É preciso ir buscar para o sistema de transportes públicos da área metropolitana de Lisboa quem apenas o utiliza esporadicamente e quem só anda de carro, porque os que já o usam todos os dias não precisam de ser convencidos. Para o conseguir, não basta apresentar uma frota nova de autocarros. Há que investir muito mais na infra-estrutura, sejam nas paragens, no espaço público envolvente ou nos canais de circulação. Foi esta a ideia forte do debate, organizado pelo PÚBLICO, na tarde desta quinta-feira, sobre o início da operação da Carris Metropolitana, o novo serviço de autocarros da região da capital.

A conversa, sob o mote “Andar de autocarro na região de Lisboa vai finalmente deixar de ser complicado?”, foi a segunda promovida pelo Artéria, novo projecto de informação comunitária do PÚBLICO, apoiado pela Santa Casa da Misericórdia de Lisboa, sobre os diversos aspectos da vida na cidade, e que, em breve, estará disponível em sítio próprio, alojado em publico.pt, e terá também uma edição em papel.

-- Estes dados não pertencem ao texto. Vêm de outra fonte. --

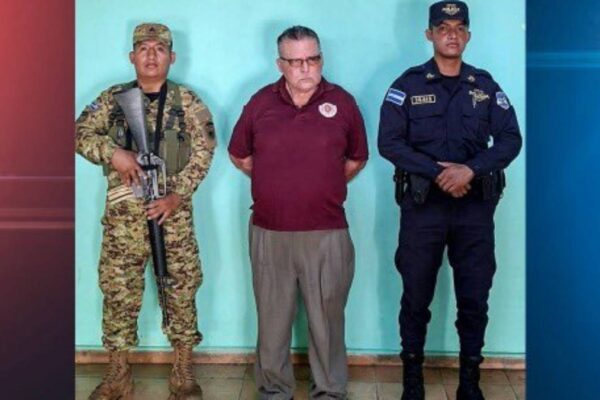 Capturan a hombre que amenazó con un corvo a una familia en Sensuntepeque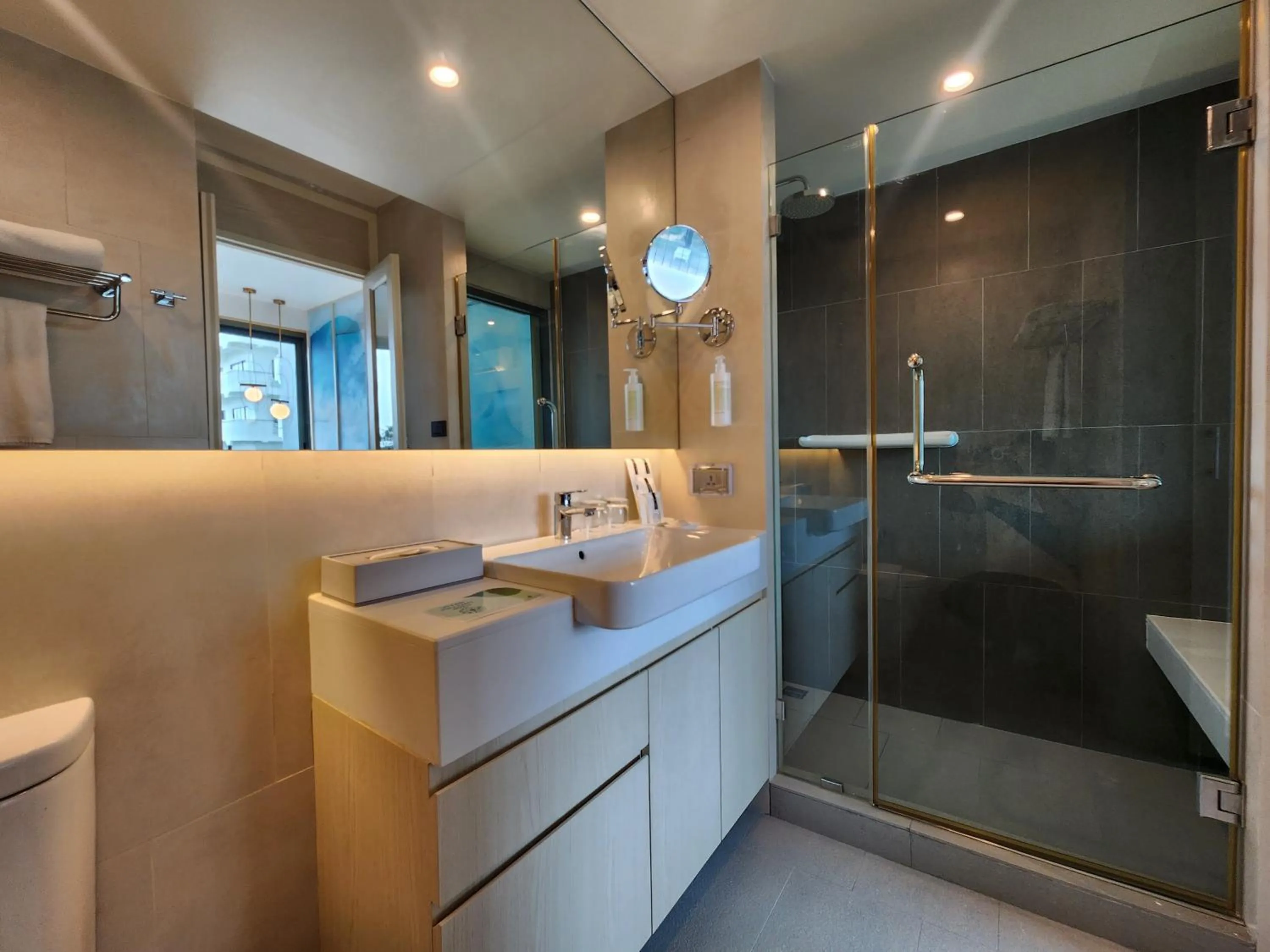 Shower in Bayphere Hotel Pattaya JC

A entrada em funcionamento da Carris Metropolitana, a 1 de Junho, recebeu elogio unânime dos participantes no debate, que foi moderado por David Pontes, director-adjunto do PÚBLICO, e contou com a participação de José Manuel Viegas, especialista em transportes, professor emérito da Universidade de Lisboa, Fernando Nunes da Silva, professor de transportes e ex-vereador da mobilidade na Câmara de Lisboa, e Avelino Oliveira, professor de arquitectura, planeamento urbano e políticas públicas.

Além do substancial aumento da oferta das linhas e da periodicidade das carreiras, a marca e a imagem uniformizadas da Carris Metropolitana terão correspondência numa gigantesca simplificação do sistema tarifário. Aliado ao uso comum do passe Navegante, reduzir-se-á a oferta dos actuais 902 títulos individuais de utilização ocasional para apenas três tarifas planas: a local, a urbana e a rápida.

Mas isso pode não ser suficiente para atrair mais gente para a nova rede de autocarros, que disporá de uma frota de 1600 veículos, dos quais 1400 serão novos ou com menos de um ano de vida. No entanto, tal está longe de ser suficiente. Há que fazer muito mais para que o sistema de autocarros, em concreto, e todo o sistema de transportes públicos da área metropolitana, no seu conjunto, passem a ser mais atraentes para a generalidade das pessoas, consideram os especialista.

“As pessoas que há muito abandonaram os transportes públicos e passaram a andar de carro não vão sentir muitas mudanças. Isto funciona, sobretudo, para as que já os utilizam”, afirma Nunes da Silva, apelando à adopção de sistemas tarifários mais flexíveis para dar resposta às exigências da vida contemporânea. Apesar de considerar muitíssimo importante esta etapa, o ex-vereador considera que a “a grande revolução foi a redução brutal” do valor do passe, registada a partir de Abril de 2019, com a entrada em vigor do PART (Programa de Apoio à Redução Tarifária nos Transportes), com o passe Navegante Metropolitano a custar 40 euros.

José Manuel Viegas acha que “já ninguém deixa de usar o transporte público por ser demasiado caro”, excepto se for um utilizador esporádico, para quem as soluções tarifárias continuarão a ser demasiado rígidas. “O sistema continua montado para as pessoas que não têm carro, quando deveria apelar a todos”, diz o professor universitário. “Muitas pessoas andam de carro porque não têm uma ligação directa aos seus destinos e os transbordos são demorados”, critica.

Um diagnóstico com o qual concorda Avelino Oliveira, que insistiu na necessidade de se fazer um forte investimento na infra-estrutura sobre a qual o sistema de autocarros está estruturado. E isso tem que ver com melhores paragens, sistemas de informação, mas sobretudo com mais e melhores vias dedicadas em exclusivo aos autocarros. “A cidade tem que ser desenhada em função do transporte público”, considera. “As políticas de investimento na infra-estrutura ainda estão muito abaixo do necessário para atrair mais pessoas", diz. “Não tem que ver só com os autocarros, que são importantes, temos que melhorar o espaço público.”